La presse s’en est émue : Michel Lucas, la soi-disant « emblé­ma­tique » (« Les Echos ») patron du CIC-Cré­dit Mutuel aban­donne ses fonc­tions… à 75 ans. Bel âge pour prendre sa retraite. Au bout d’une qua­ran­taine d’années au sein du Cré­dit Mutuel il a réus­si à atteindre le poste le plus éle­vé… et a fait d’un orga­nisme ban­caire se réfé­rant à Raif­fei­sen, le mutua­liste, une banque comme une autre qui affiche encore le terme de « Mutuel » en ayant aban­don­né toutes les valeurs de la mutua­li­té. Il a aus­si à son actif la sup­pres­sion de mil­liers d’emplois… mais le Cré­dit Mutuel vient d’être élu banque de l’année par le Finan­cial Times. Une recon­nais­sance par les pairs…

Mais à regar­der de plus près, ce départ res­semble à un faux-départ. En effet, s’il quitte les fonc­tions à la Banque Fédé­ra­tive du Cré­dit Mutuel (en fait la banque cen­trale de toutes les caisses), il conserve pour­tant la pré­si­dence de la Confé­dé­ra­tion natio­nale du Cré­dit Mutuel et celle de la Fédé­ra­tion du Cré­dit Mutuel Centre Est Europe, basée à Strasbourg.

Ces postes n’ont rien d’honorifiques. La Confé­dé­ra­tion est l’organe cen­tral du réseau au sens du code moné­taire et finan­cier. En clair, l’organisme « poli­tique »qui donne les orien­ta­tions. Des fois que cer­tains de ses membres vou­draient reve­nir aux valeurs mutua­listes, le chantre du libé­ra­lisme ban­caire veille­ra. Et la Fédé­ra­tion du Cré­dit Mutuel Centre-Est Europe est tout sim­ple­ment la plus puis­sante de la confé­dé­ra­tion qui en compte 11. En clair, M. Lucas conti­nue­ra de diri­ger les affaires et il aura à sa dis­po­si­tion l’organisation la plus forte pour « convaincre » tous les autres des bien­faits de ses décisions.

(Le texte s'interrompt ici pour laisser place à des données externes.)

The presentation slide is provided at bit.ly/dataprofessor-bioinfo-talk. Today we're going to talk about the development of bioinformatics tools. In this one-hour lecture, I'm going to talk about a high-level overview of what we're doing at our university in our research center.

Reste encore ouverte la ques­tion de la pré­si­dence de la filiale tech­no­lo­gique du CIC-Cré­dit Mutuel, Euro-Infor­ma­tion. Celle-ci est la garante de la cohé­sion infor­ma­tique non seule­ment du géant ban­caire mais de toutes les filiales… dont celles de la presse. A ce titre, Euro-Infor­ma­tion main­tient et exploite un sys­tème d’information qui est com­mun à toutes les entre­prises du groupe quelle que soit leur acti­vi­té. Ce sont près de 2000 sala­riés, répar­tis dans plu­sieurs enti­tés, qui génèrent en 2011, près de 800 mil­lions d’euros de chiffre d’affaires. Il s’agit là du vrai centre névral­gique du groupe qui per­met de contrô­ler chaque enti­té sous toutes les facettes : pro­duc­tion, admi­nis­tra­tion, finances… Rien n’échappe à Euro-Infor­ma­tion. Le Big Bro­ther du CIC-Cré­dit Mutuel.

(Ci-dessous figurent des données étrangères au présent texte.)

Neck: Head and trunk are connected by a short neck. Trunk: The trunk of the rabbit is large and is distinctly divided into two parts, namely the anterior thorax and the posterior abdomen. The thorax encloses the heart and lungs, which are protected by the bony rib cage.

Mais mal­gré le temps libre gagné, M. Lucas ne res­te­ra pas oisif. Il garde pré­cieu­se­ment la main sur les médias appar­te­nant au groupe et qui font du CIC-Cré­dit Mutuel le pre­mier groupe de presse quo­ti­dienne fran­çaise. Là il n’y a pas de limite d’âge et il reste du pain sur la planche pour atteindre les objec­tifs que le pré­sident s’est fixé. Blo­qué par une déci­sion du Conseil de la concur­rence qui lui inter­dit de fusion­ner des jour­naux… avant 2016, la consti­tu­tion du jour­nal unique est en marche. Mutua­li­sa­tion des articles, regrou­pe­ment de filiales, liqui­da­tion d’entreprises, se font régu­liè­re­ment en toute impu­ni­té. Et si les sala­riés avec leurs syn­di­cats rechignent ou se rebellent (ce qui peut tout de même se com­prendre !), M. Lucas sort l’artillerie lourde pour impo­ser son monde idéal. Un monde dans lequel tout le monde accep­te­rait les dik­tats des dogmes finan­ciers que le CIC-Cré­dit Mutuel met en appli­ca­tion pour le bien-être du peuple. Mais celui-ci n’a pas encore bien com­pris tout cela. Eh bien, le jour­nal unique du groupe conti­nue­ra de leur expli­quer que dans un monde glo­bal, la pen­sée aus­si, doit être unique et globale.